Luís Maurício disse que o Brasil tem as “super minas” (Carajás, Salobo, S11D, Serra Leste, depósitos de caulim e bauxita, que são consideradas grandes) e, com isto, a classificação das minas médias acaba sendo afetada, pois elas passam a ser tratadas como pequenas, enquanto as verdadeiramente pequenas viram quase uma pedreira, depósito de argila. As “super minas” devem ser isoladas e ter um critério especial. E o melhor critério é o faturamento””. O geólogo disse ainda que no Brasil as pequenas e médias empresas são colocadas no mesmo nível. Isto faz com que o pequeno minerador seja forçado a trabalhar na ilegalidade. “O Estado tem que trazer um ambiente onde o grande, já desenvolvido, possa ajudar o pequeno e o médio minerador, o que eu chamo de “inclusão empresarial”. A Vale dominava Carajás e de dez anos para cá a companhia implantou a parceria com as pequenas e médias da região. 

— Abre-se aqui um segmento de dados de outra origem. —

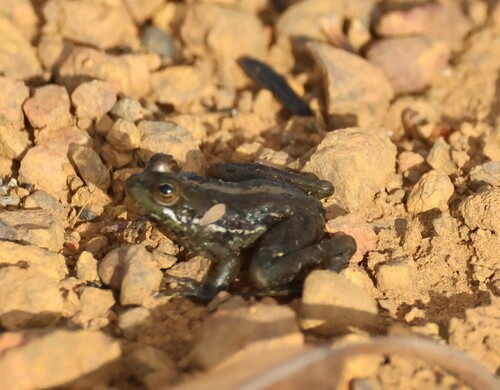 Guyana Harlequin Frog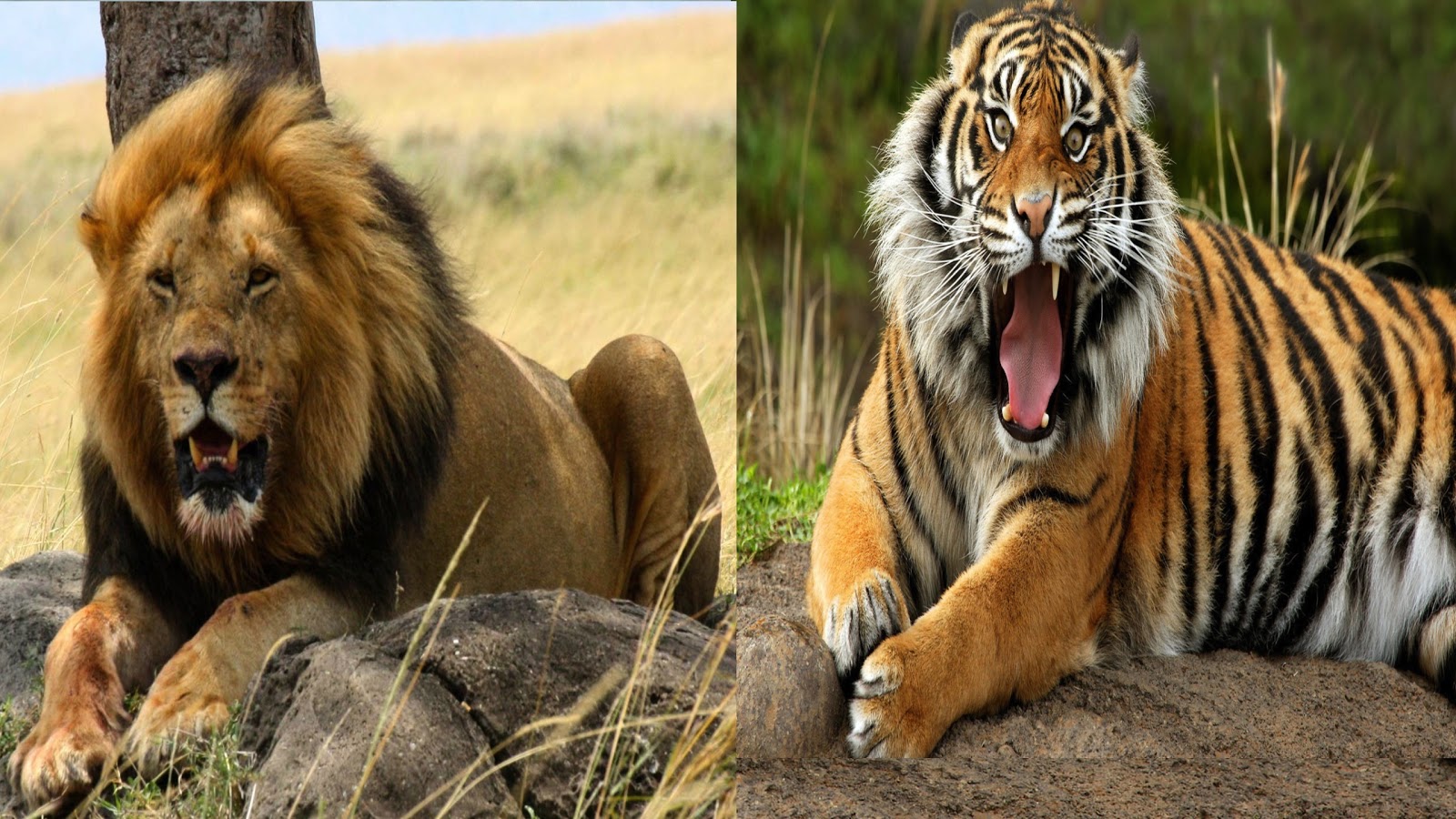 Левый тигр. Лион Тигер. Лев против тигра. Тигр vs Лев. Туранский тигр.
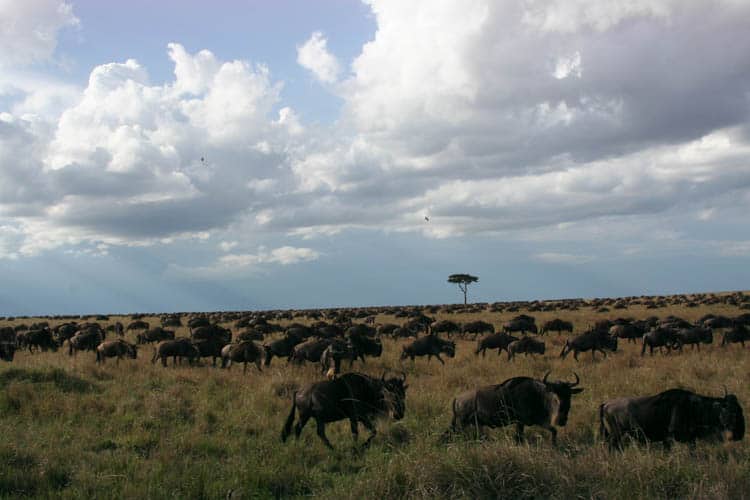 Grazing wildebeest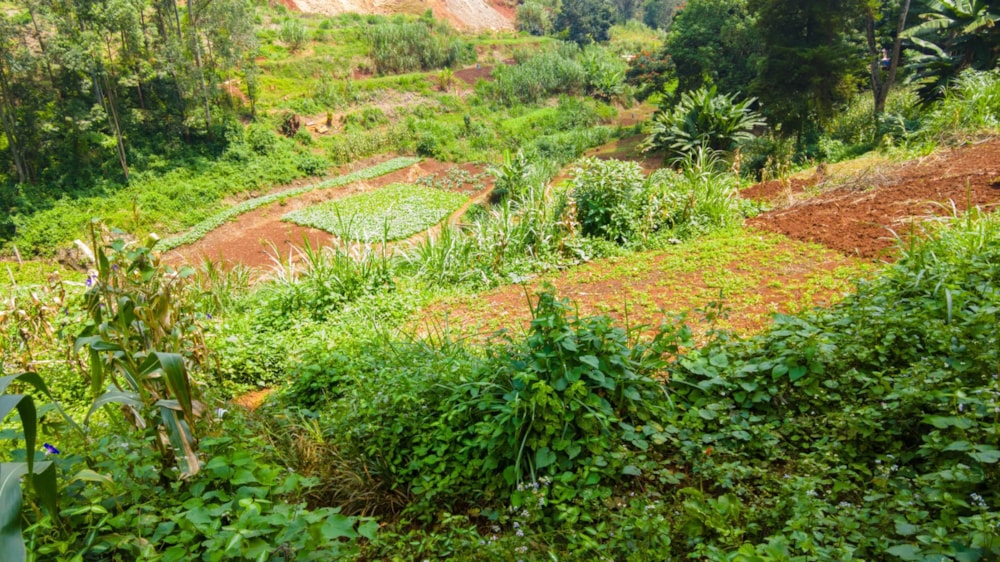 Residential vacant land for sale in Kitisuru, Kenya - 3KE1708866 Residential vacant land for sale in Kitisuru, Kenya - 3KE1708866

Sobre o critério de classificação, Ronaldo Lima disse que é possível usar tanto a tonelagem quanto o faturamento. No Pará, a lei da taxa é feita em cima da tonelagem. “Cabe o cruzamento dessas duas unidades para se definir o que é pequeno, médio e grande’”. Ele acrescentou que antigamente, existia uma competição enorme entre as mineradoras. Hoje em dia, as companhias lutam pelo Brasil, muito em função da Vale e que deveria ser incentivado. 

De Tomi disse que este conceito das grandes mineradoras trabalharem em conjunto é chamado de coexistência. Na Colômbia, eles não precisam do Governo. Eles trocam informações, tecnologias. Já o representante da SEDEME-PA comentou que as empresas precisam conversar. “Uma empresa tinha um investimento e outra também, e acabavam se atropelando. É preciso uma integração, mas sou cético. O papel do Estado é importante para debater a questão”. 

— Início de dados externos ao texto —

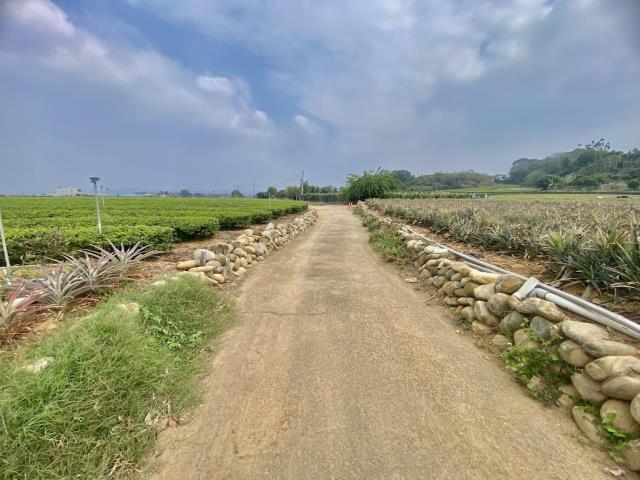 名間農地-5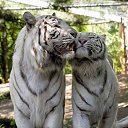 ���� �������, ���� - ��������� 13 ������ 2013 � ������ �Leo�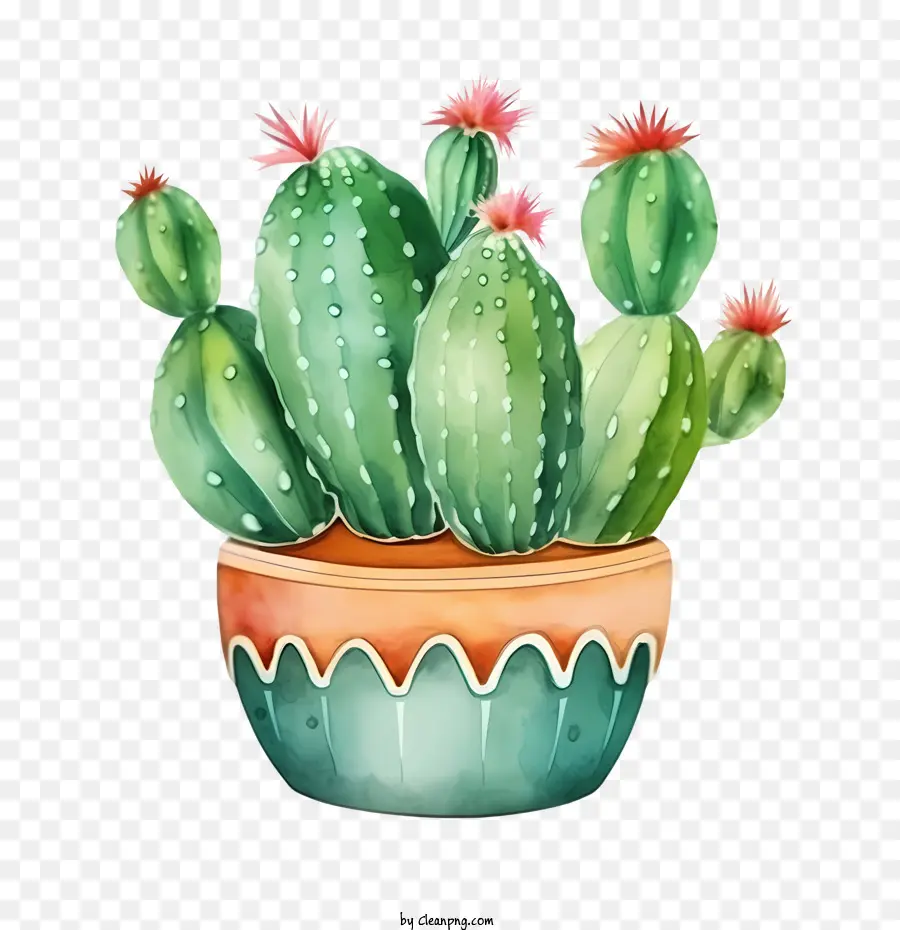 Cactus，Cactus En Pot PNG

A pequena e média mineração no Norte tem grande potencial e o setor precisa trabalhar em conjunto para mudar a imagem da mineração e impulsionar o desenvolvimento na região. Já Luís Maurício diz que “nossos problemas são grandes”, mas que o Norte é o celeiro dos negócios do setor para diversificar a produção mineral. “Temos oportunidades para pensar no futuro e trabalhar em parceria”. Por último, Ronaldo Lima enfatizou o licenciamento ambiental na mineração. “Não há nada na legislação ambiental que trate do pequeno minerador. A mineração é pressionada, mas o setor tem um cuidado ambiental muito grande com atividade mineral”. Lima mencionou que várias atividades ilegais estão explorando recursos renováveis e é um prejuízo que não será recuperado.